揺れる乙女心10
勝負の期末考査期間はあっという間に終わり、テスト結果が返却されることになった。この学校では全教科の結果と模範解答、学年順位がまとめて封筒に入れられ各生徒に手渡される。
LHRで渡された封筒を鞄にしまう。結果は家に帰ってから見ようと成宮と約束をしていたため、一喜一憂するクラスメイトを横目に成宮と二人教室を出た。
並んで帰ることにも慣れた、午後の猛暑日。
夏服の成宮は何度見ても可愛らしい。
つけっぱなしのクーラーがよく効いた自室に帰り、二人でソファに座る。
それぞれ鞄から封筒を取り出した。
「どっちから見る?」
「遥からにしてくれ。どうせ、一位だろ?」
「まだ、わからない。こほん、では私から」
成宮は封筒から用紙をまとめて取り出すと、一番後ろにあったテスト結果を自信満々に見せつけてきた。
「学年一位」
「だろうな」
やりました、と言わんばかりに胸を張る成宮だが毎回のように一位を取っているせいかこちらとしては特に驚くこともない。

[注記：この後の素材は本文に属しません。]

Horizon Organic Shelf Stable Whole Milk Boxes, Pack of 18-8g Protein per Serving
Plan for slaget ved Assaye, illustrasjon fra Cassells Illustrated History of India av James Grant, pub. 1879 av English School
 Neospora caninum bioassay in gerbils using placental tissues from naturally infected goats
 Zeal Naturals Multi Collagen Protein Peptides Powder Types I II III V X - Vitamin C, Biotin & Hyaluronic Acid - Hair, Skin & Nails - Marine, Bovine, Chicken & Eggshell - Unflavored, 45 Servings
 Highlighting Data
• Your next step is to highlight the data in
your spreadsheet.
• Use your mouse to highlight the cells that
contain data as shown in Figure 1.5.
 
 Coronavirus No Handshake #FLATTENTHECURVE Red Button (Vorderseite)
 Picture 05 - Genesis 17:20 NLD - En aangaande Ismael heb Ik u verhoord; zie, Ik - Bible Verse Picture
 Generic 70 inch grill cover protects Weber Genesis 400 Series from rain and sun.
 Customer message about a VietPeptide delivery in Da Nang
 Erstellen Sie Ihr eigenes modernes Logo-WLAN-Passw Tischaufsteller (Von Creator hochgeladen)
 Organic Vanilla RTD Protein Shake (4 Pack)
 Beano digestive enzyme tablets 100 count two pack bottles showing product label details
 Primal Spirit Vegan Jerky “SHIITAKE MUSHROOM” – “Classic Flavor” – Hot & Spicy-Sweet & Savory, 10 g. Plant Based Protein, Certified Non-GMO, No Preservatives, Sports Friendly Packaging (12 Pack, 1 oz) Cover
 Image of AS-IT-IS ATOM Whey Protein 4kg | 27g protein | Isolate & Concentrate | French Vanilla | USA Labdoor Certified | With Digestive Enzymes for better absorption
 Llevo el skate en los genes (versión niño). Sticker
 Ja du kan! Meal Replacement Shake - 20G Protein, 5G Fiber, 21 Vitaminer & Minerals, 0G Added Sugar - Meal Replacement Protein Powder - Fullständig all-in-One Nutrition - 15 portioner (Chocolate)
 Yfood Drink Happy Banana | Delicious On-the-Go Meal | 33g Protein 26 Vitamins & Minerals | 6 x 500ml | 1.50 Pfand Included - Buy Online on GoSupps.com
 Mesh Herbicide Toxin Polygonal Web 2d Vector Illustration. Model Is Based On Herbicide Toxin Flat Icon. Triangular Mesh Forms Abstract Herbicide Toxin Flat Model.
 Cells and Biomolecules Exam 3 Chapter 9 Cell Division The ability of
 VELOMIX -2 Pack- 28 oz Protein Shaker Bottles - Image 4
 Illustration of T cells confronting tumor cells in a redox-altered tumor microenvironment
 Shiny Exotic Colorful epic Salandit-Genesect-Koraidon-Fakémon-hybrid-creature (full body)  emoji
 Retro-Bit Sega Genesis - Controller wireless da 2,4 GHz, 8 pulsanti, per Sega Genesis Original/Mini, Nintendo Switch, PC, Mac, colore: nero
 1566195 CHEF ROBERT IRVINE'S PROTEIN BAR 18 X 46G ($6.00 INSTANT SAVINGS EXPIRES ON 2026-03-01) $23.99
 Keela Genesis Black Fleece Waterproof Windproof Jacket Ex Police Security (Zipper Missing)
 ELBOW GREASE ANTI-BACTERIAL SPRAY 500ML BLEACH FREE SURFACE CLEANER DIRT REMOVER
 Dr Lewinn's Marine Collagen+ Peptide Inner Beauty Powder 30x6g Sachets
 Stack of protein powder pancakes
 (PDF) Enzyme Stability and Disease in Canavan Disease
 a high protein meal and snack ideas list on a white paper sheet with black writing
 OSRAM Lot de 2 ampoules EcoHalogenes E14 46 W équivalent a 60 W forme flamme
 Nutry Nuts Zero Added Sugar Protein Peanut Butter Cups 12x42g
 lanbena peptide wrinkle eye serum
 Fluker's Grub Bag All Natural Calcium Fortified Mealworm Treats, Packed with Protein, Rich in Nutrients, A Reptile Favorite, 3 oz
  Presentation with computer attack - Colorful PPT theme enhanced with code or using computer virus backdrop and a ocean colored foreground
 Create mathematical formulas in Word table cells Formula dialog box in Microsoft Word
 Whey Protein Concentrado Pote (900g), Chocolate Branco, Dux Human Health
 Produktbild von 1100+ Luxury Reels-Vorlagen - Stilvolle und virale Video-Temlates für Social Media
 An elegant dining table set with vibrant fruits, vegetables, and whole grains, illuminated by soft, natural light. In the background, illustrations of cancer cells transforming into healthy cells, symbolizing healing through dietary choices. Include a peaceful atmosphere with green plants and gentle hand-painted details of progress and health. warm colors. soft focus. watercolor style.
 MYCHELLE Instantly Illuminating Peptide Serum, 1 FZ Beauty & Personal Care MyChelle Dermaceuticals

反応が薄いことが気に食わないのか、成宮は不満そうにふくれていた。
「褒めて」
「よく、頑張りました」
「えへへ」
心のこもっていない褒め言葉だったが、成宮は満足したらしい。
マイペースなのか、天然なのか、相変わらず調子が狂う。
さて、次は俺の番だ。いつになく緊張しながら封筒から用紙を取り出す。
パッと見た感じは、当然と言えば当然だが丸印が少ない。
赤点回避はギリギリか? 自信のあった国語でさえ平均ギリギリ。
因みに赤点の場合は最後に追試のお知らせが入っているとのことだが……
「ん?」
ぺらぺらとめくってみるが、それらしい用紙は入っていない。
成宮も心配そうにのぞき込んでくる。
「どう?」
「回避、できたっぽい?」
「ぽい? 貸して」
確信のない返事に、成宮は不安そうに俺のテスト用紙を取るとなにやら、計算し始めた。スマホの電卓に数字を打ち込み終えるとニコッと笑顔を咲かせた。
「赤点じゃ、ない」
「まじで?」
「まじ。よく頑張ったね、和也」
成宮は机にテスト用紙を置くと、俺を胸にうずめるように抱き寄せた。
何度もやられているが、いまだおっぱいの感触にはなれない。
こいつは甘やかしたい度が高すぎる。赤点回避できて嬉しいが、俺の理性をおっぱいで破壊するのはやめてほしい。
おっぱいで窒息しそうになったところでようやく離してくれた成宮は、おかしそうに笑った。
「そんなにデートしたかったの?」
「お、おう」
「いいよ。約束通り、デートしよ? どこ行く?」
「それは、もう決めてる」
「どこ?」
「お気に入りの場所だ」
成宮はどこだろう、と首をかしげている。
行くのは今まで、誰にも教えたことのない場所。
昔、俺がじいちゃんに連れて行ってもらった大切な場所だ。